The cure is not such a joke. This is what the punter has to realise. While the crowd will be right some 30 per cent of the time, the returns will never amount to a profit. Inevitably, the cliff face looms and the lemmings march over the edge.

Failure to maintain proper accounting records of your betting is another key failure of the majority of punters. The main excuse is that it takes too much time and it's just not worth all the effort.

This is nonsense, but it never ceases to surprise me how many of my fellow punters cling to the excuse and refuse to be prodded, cajoled or dragged screaming into maintaining profit and loss records.

Dr Fraud says: "Players who don't keep records create their own false handicapping myths because they have no notion of their strengths and weaknesses."

How right he is! He compares it to throwing out all your receipts needed for taxation purposes. Would you do that? Would you throw out all those receipts that could save you paying more tax than you need to? You'd be mad to do so, and just as mad to ignore the ups and downs of your betting career.

We have mentioned earlier the problem of macho betting. There is another problem in much the same mould, except that this is a lack of confidence in yourself. In other words, you fail to make the right, positive betting decisions because you don't have what it takes, personal confidence, to do it.

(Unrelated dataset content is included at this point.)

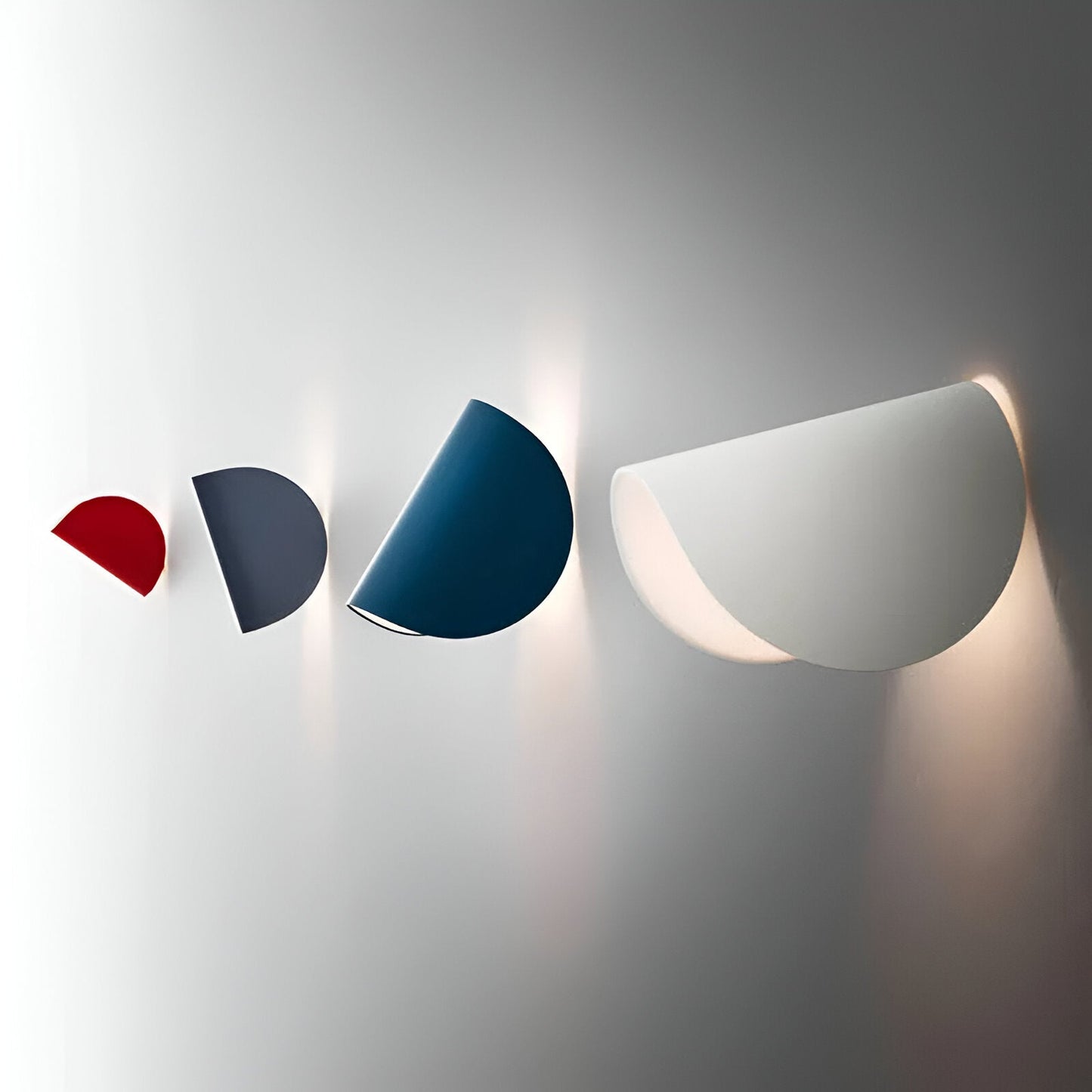 Twist Wandlamp - Roterende Metalen Kandelaar met Elegante Curve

There is no easy answer. Each man, or woman, is an individual and no amount of reading or studying books on positive thinking is going to change one's personality.

It's often a case of you have confidence in your decision-making judgement, or you don't.

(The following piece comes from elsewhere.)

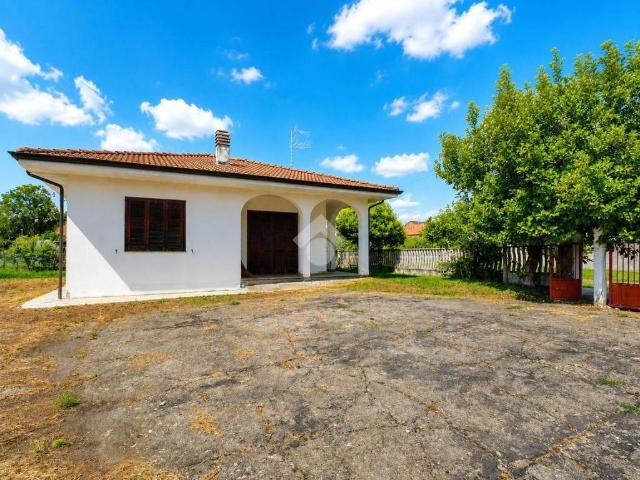 Villa Indipendente in vendita a Piemonte, Vercelli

Psychologists will say that you should study history or look at successful people who are really 'ratbags' as human beings. How did they get to the top? Because they had confidence in themselves and they made the right moves.

The lesson you should learn from this is never to feel ordinary. If you feel like that. you will invariably lack the instinct needed to make good betting decisions.

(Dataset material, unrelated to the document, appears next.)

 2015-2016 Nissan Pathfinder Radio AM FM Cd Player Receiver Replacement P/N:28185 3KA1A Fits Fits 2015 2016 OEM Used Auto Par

In short, then, "talk" yourself up, listen to your "inner voice" and once you've made a decision, stick to it. Never dither or allow a friend to talk you out of your plan.

Your personal attitude will be called into play whenever you strike a losing streak. These are going to happen, no matter how smart you are, What you must never do is to fall to pieces once you're enmeshed in the negative run.

When I talk about a losing streak I mean something that's really bad ... 20 or more losers in a row. Often, we will strike losing runs that are just part and parcel of a normal betting cycle. These may be seven or eight successive losers, or even 10.

The cycle becomes a streak when it hits double figures and then proceeds to mount.

Your first step is to examine WHY the losers refuse to stop arriving. Maybe your handicapping or system needs a reappraisal? Maybe it's just you making all the wrong decisions?

My cure is to suggest that you cease betting for a while. Give yourself a holiday. Don’t look at a formguide or watch a race for a week or two.

You can then return to the fray totally refreshed and probably with some answers to the problems that were besetting your betting.

Take heart in the fact that you are not alone with your betting problems. Even the very best handicappers have their personal torments.

US expert Barry Meadow, whose excellent articles appear regularly in PPM, admits: "Every day I suffer a crisis in confidence. But the next day I think I'm gonna win. I try to maintain a positive outlook while having no inner confidence whatsoever.

"Six winners in a row and I'm hot ... six losers in a row and I'm due."